Savaşın önümüzdeki günlerde ve haftalarda tam olarak nasıl gelişeceği kesin olarak söylenemez. Tartışmasız olan şey, İsrail rejiminin ve başta Washington olmak üzere emperyalist destekçilerinin krizinin ve başlattıkları savaşın mantığının (peşinde koştukları yağmacı amaçların ve bunları artan şiddet ve pervasızlıkla gerçekleştirmeye çalışmalarının), ABD’nin İran ve müttefiklerine yönelik saldırıya katılmasıyla birlikte, kaçınılmaz olarak bölge çapında bir Ortadoğu savaşına yol açacağıdır.
Böyle bir savaş hızla çeşitli bölgesel ve büyük güçleri içine çekebilir ve küresel bir çatışmanın fitilini ateşleyebilir. Söz konusu olan, dünyanın en büyük petrol ihracatçısı ve aynı zamanda Avrupa, Asya ve Afrika’nın kesişme noktasındaki konumu nedeniyle muazzam bir jeostratejik öneme sahip bir bölgenin kaderi olacaktır.
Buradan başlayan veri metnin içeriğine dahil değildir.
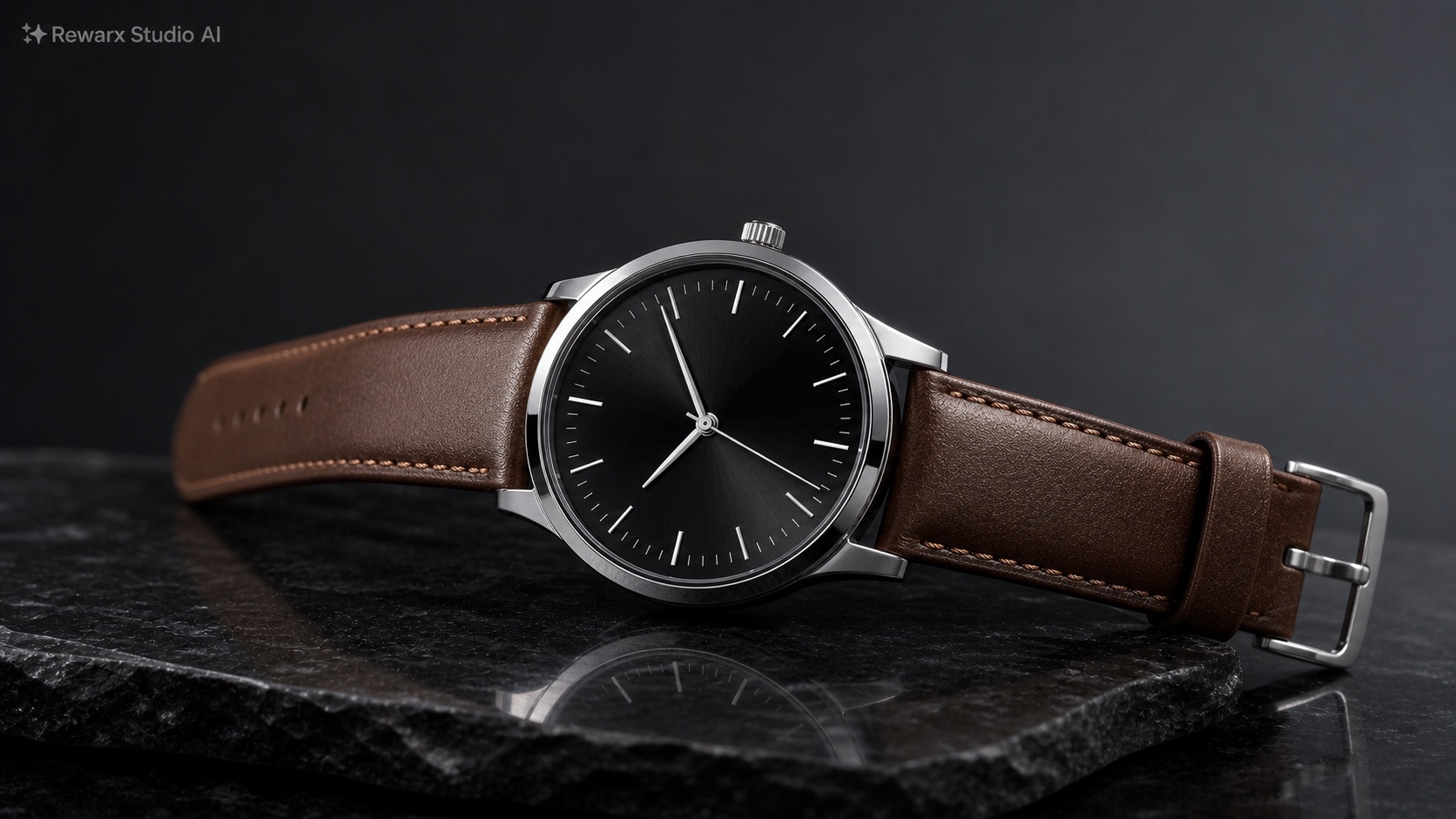 Luks saat yansima detayi gorsel sablonu - watches - precision watch reflection macro - Rewarx Visual Content Library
ABD’nin başını çektiği emperyalist güçler, Gazze savaşını Ortadoğu üzerinde dizginsiz emperyalist egemenlik kurma planlarını hayata geçirmenin ilk adımı olarak gördükleri için İsrail’i soykırımında sonuna kadar destekliyorlar. Dahası, Biden ve Blinken’in de açıkça belirttiği gibi, İsrail’le birlikte yürüttükleri savaş, gelişmekte olan küresel bir savaşın yalnızca bir cephesidir. Ortadoğu üzerinde hakimiyet kurmak, ABD ve NATO güçlerinin halihazırda savaş halinde olduğu Rusya’ya boyun eğdirmek ve Çin’e karşı yürütülen çok yönlü askeri-stratejik ve ekonomik saldırıda üstün gelmek için kritik bir öneme sahip olarak görülmektedir.
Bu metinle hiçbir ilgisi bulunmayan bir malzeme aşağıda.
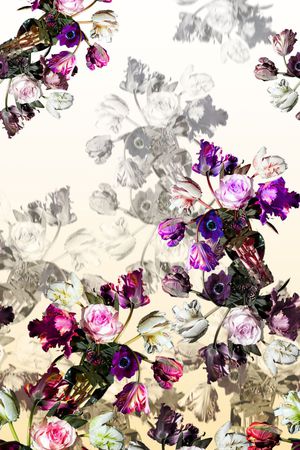 定位花卉印花华亿平台图片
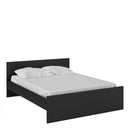 Naia Classic Design Wooden Matt Black Bed by Lavishway | Wooden Beds-40855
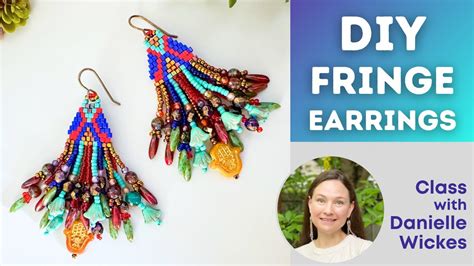 Silk Road Fringe Earrings Class W Danielle Wickes Ft Market Marvels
1930’ların sonlarında olduğu gibi, çeşitli bölgesel çatışmalar kaçınılmaz bir şekilde yeni bir emperyalist dünya savaşı halini alıyor. Böyle bir felaketin önlenmesi için küresel işçi sınıfı bağımsız bir siyasi güç olarak harekete geçirilmeli, emperyalist savaşa ve onun kaynağı olan kapitalist sisteme karşı mücadelede birleştirilmelidir.
Sosyalist Eşitlik Partisi’nin 24 Temmuz’da ABD Kongresi’nin ortak oturumu sırasında Kongre önünde düzenlediği gösteri, savaşa, kapitalizmin yol açtığı yıkımlara ve demokratik hakların savunulmasına karşı mücadeleyi toplumsal eşitlik ve işçi iktidarı uğruna mücadeleyle birleştirerek, böyle bir mücadelenin programatik temellerini ortaya koymuştur.